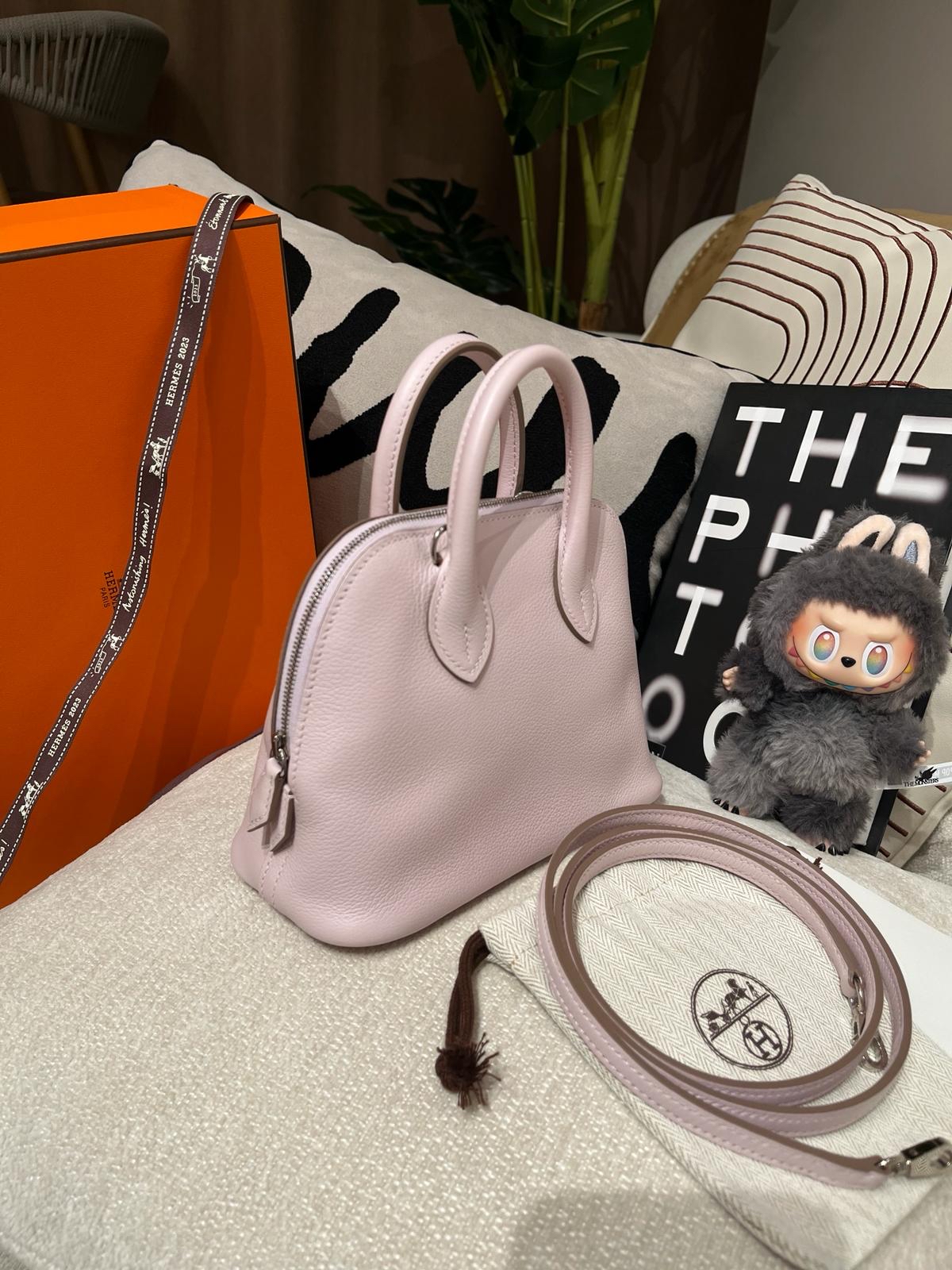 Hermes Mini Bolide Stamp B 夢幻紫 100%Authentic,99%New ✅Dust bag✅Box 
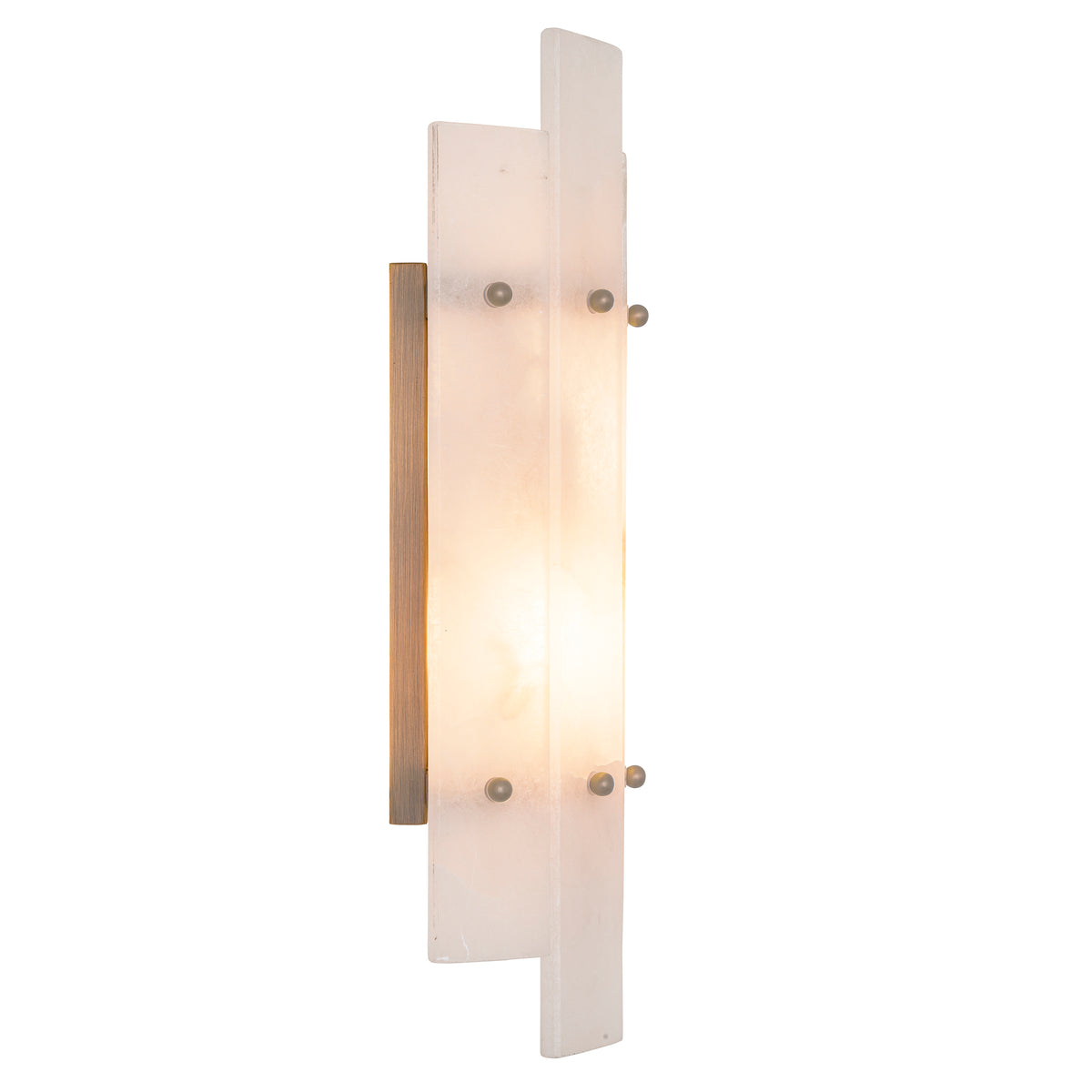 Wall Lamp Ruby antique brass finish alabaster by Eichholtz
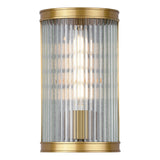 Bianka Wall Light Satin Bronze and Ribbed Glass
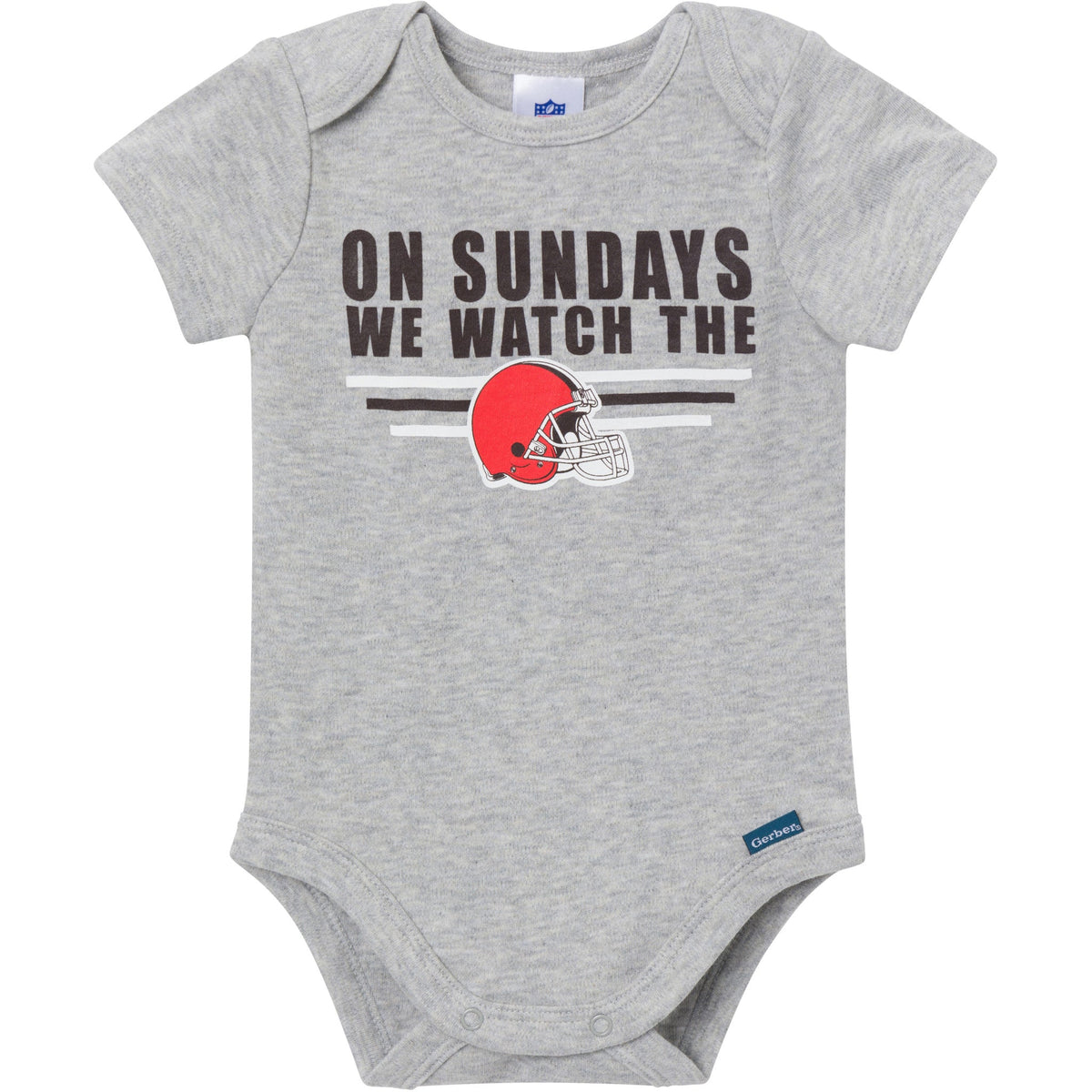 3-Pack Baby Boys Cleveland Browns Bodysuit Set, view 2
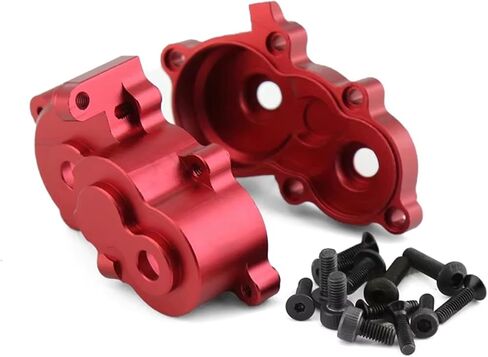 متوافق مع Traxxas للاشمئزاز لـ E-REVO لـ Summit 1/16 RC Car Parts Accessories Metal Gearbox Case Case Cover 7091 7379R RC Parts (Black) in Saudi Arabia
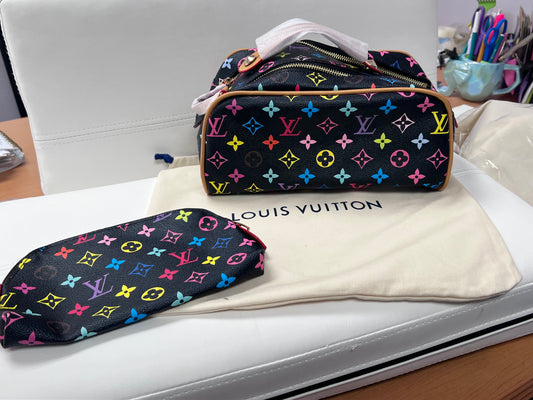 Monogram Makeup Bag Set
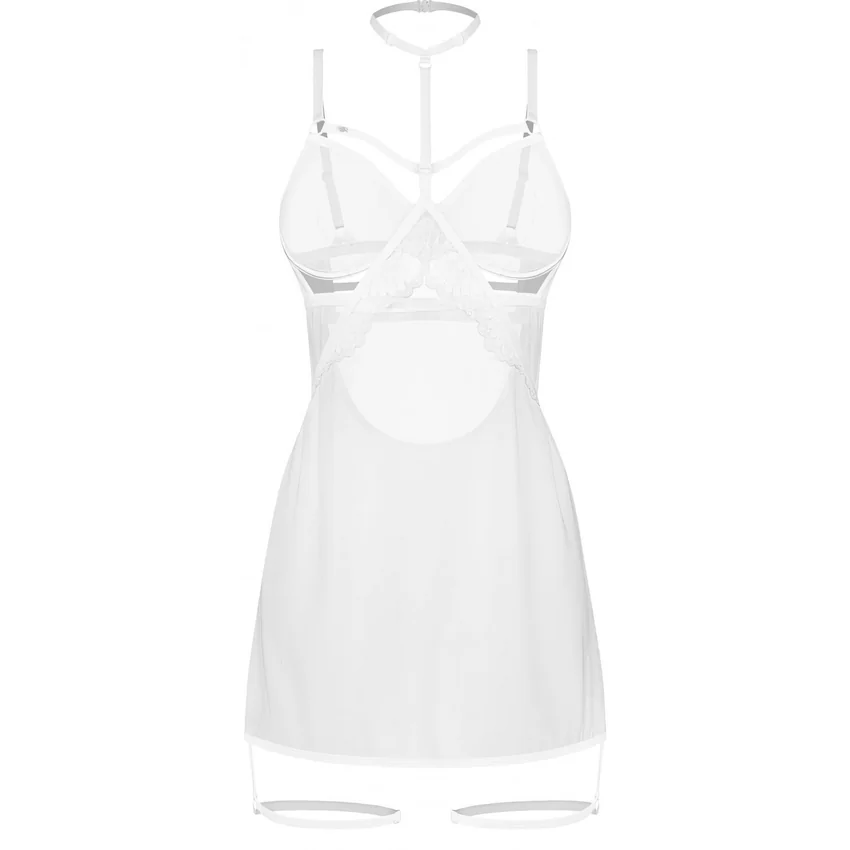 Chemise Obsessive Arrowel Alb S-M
____________
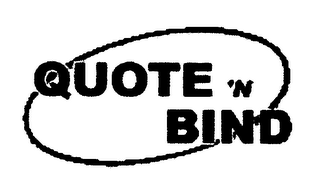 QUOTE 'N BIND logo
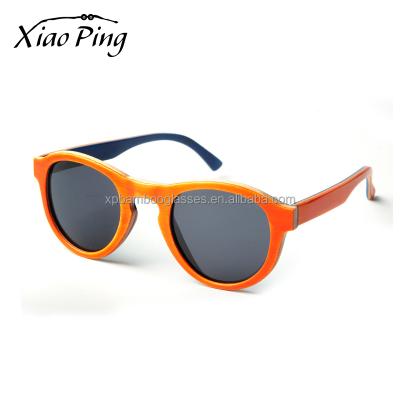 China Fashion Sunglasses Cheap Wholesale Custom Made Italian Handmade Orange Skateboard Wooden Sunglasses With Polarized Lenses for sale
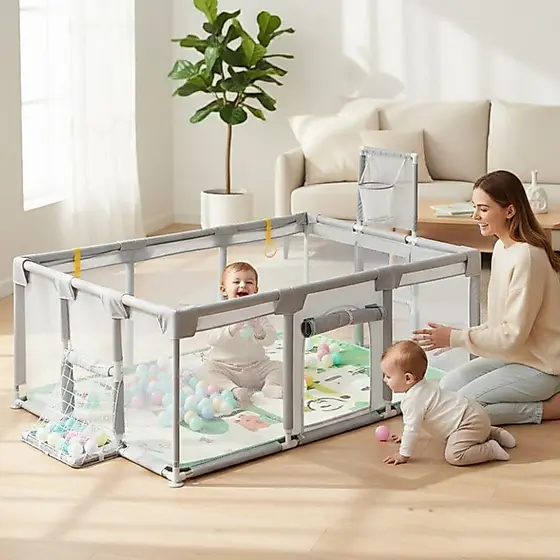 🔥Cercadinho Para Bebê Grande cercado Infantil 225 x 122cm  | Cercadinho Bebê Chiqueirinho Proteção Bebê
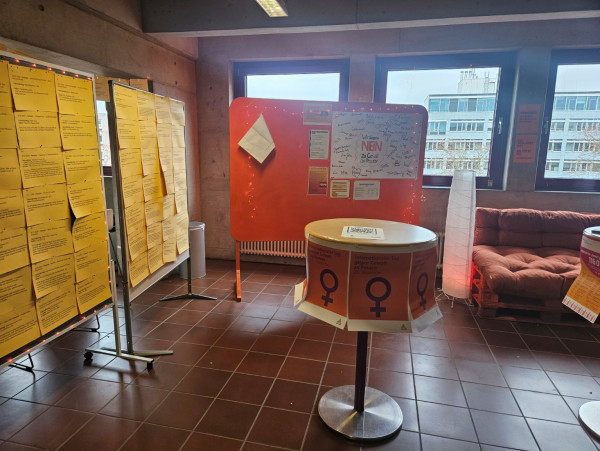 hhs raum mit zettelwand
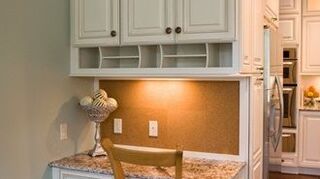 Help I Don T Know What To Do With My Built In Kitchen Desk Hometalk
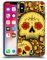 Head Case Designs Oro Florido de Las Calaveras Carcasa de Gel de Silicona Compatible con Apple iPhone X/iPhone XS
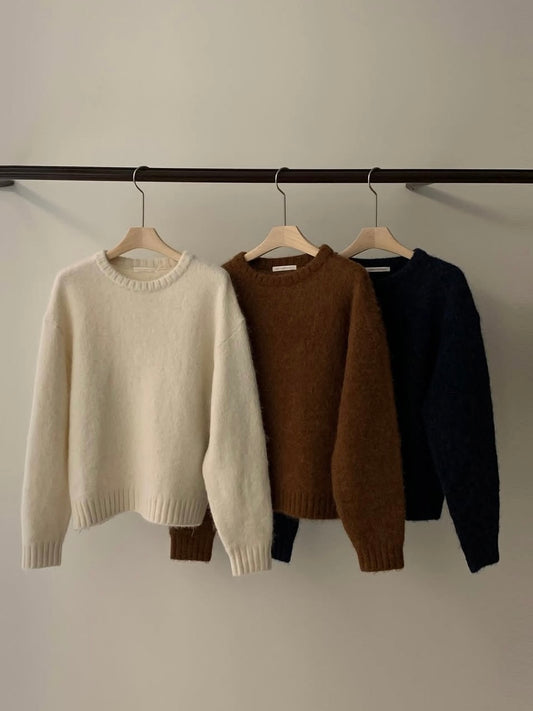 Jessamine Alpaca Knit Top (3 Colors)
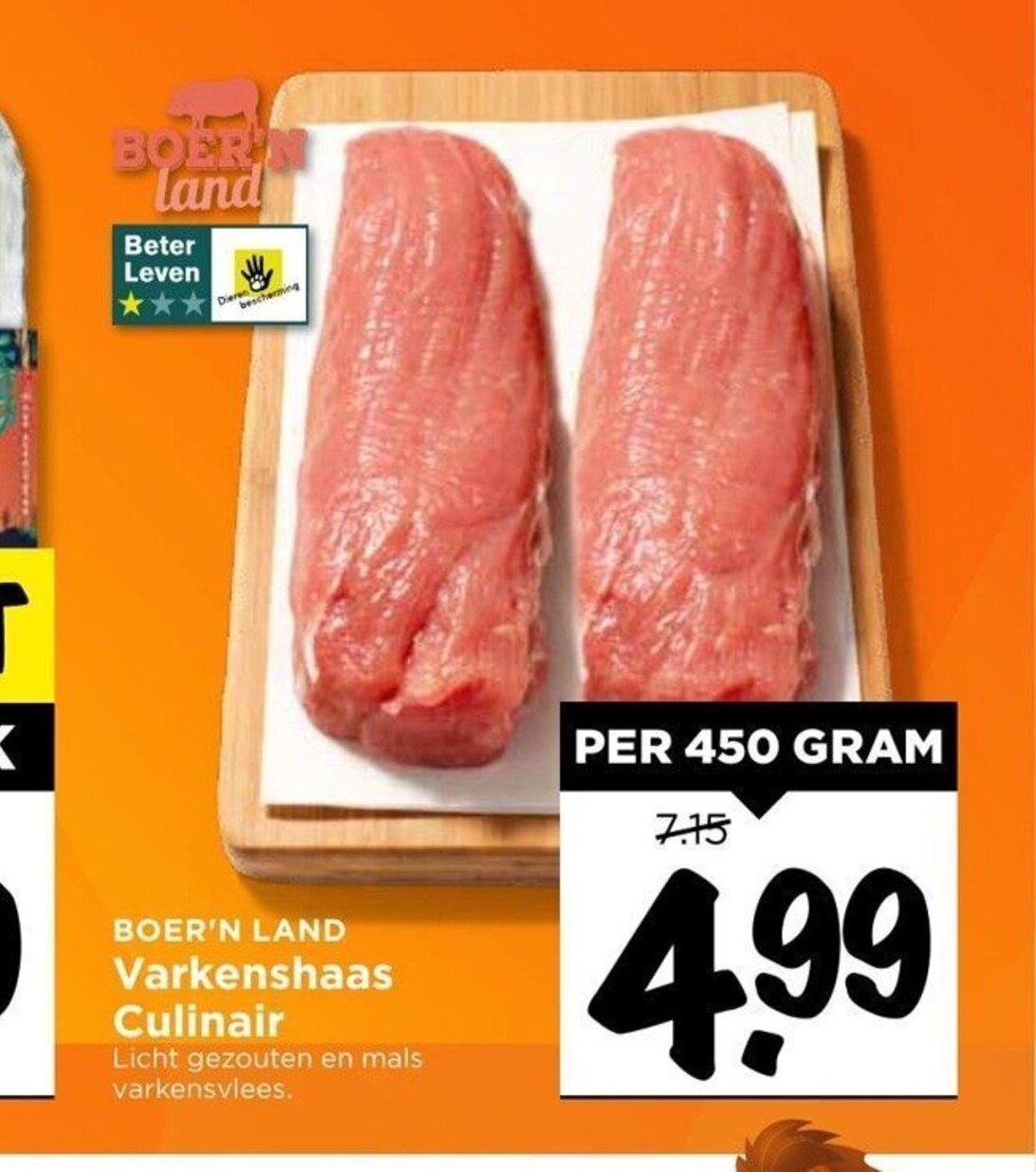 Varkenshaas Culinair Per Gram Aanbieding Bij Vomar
____________
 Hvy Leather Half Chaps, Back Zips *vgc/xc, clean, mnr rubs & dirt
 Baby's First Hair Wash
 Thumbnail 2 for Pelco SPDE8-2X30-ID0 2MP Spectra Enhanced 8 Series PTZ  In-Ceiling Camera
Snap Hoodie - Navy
____________
TASK TO CARRY OUT:
Exactly the lines above from the one that contains "China Fashion Sunglasses" down to the one that contains "Varkenshaas Culinair Per" are to be output, both ends kept and pictures omitted.

OUTPUT:
 China Fashion Sunglasses Cheap Wholesale Custom Made Italian Handmade Orange Skateboard Wooden Sunglasses With Polarized Lenses for sale
 🔥Cercadinho Para Bebê Grande cercado Infantil 225 x 122cm  | Cercadinho Bebê Chiqueirinho Proteção Bebê
 hhs raum mit zettelwand
 Help I Don T Know What To Do With My Built In Kitchen Desk Hometalk
 Head Case Designs Oro Florido de Las Calaveras Carcasa de Gel de Silicona Compatible con Apple iPhone X/iPhone XS
 Jessamine Alpaca Knit Top (3 Colors)
 Varkenshaas Culinair Per Gram Aanbieding Bij Vomar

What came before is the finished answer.